DATASET RECORDS:

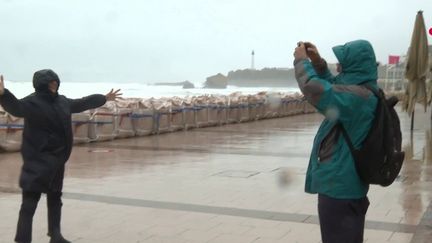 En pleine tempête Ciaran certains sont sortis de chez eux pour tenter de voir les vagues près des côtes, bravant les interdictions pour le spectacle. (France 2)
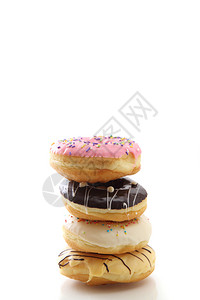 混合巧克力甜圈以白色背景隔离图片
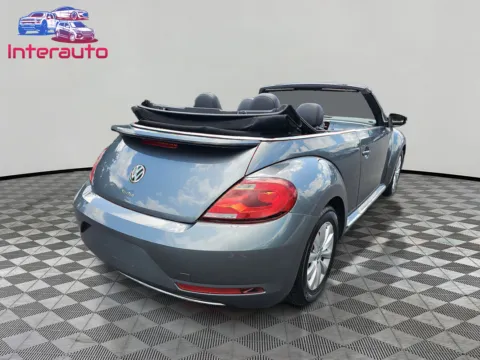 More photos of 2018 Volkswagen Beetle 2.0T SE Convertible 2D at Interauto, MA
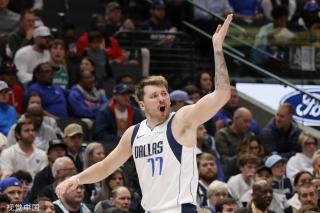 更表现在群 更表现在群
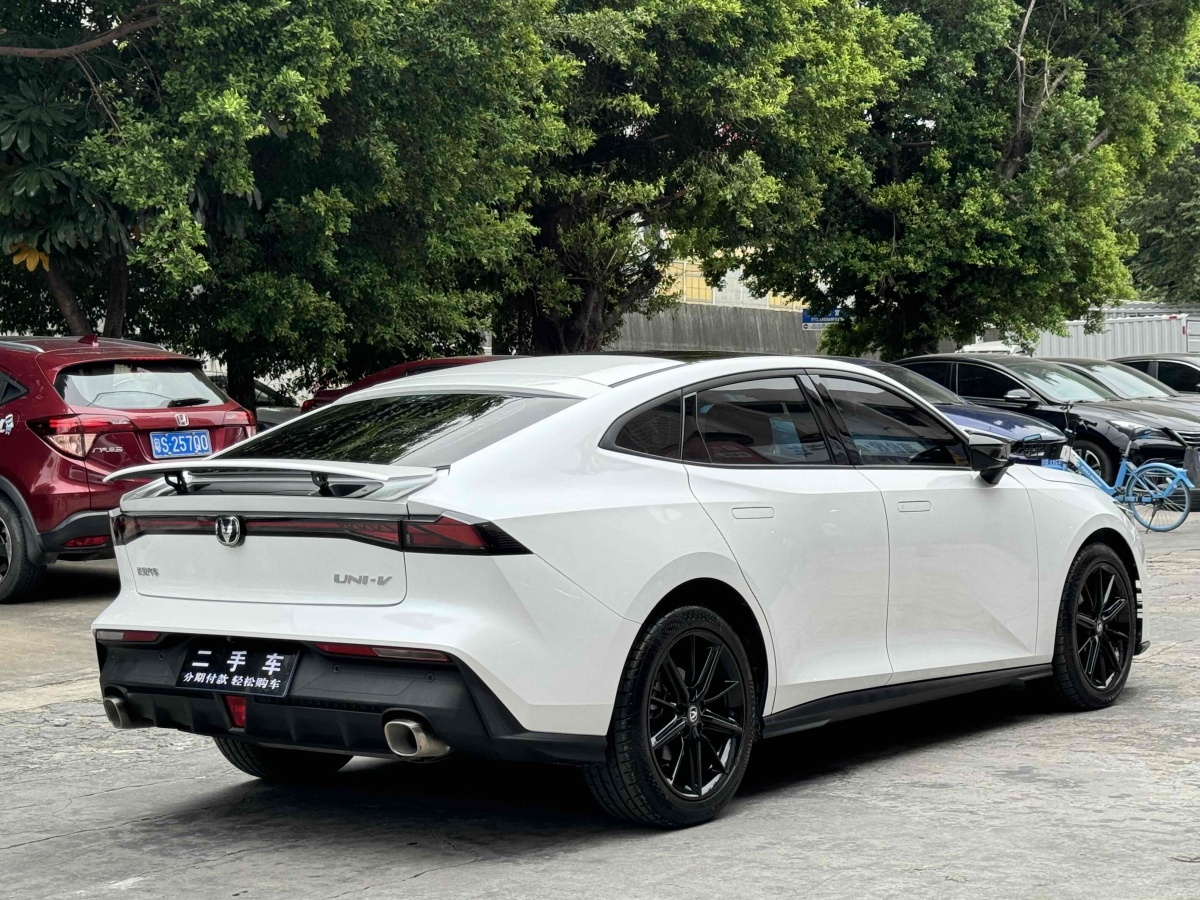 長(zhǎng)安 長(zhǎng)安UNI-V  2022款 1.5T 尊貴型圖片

TASK GOAL: The answer must be the exact lines from the line with "更表现在群 更表现在群" to the final line of the data, both ends included, with no pictures.

EXPECTED ANSWER:
 更表现在群 更表现在群
 長(zhǎng)安 長(zhǎng)安UNI-V  2022款 1.5T 尊貴型圖片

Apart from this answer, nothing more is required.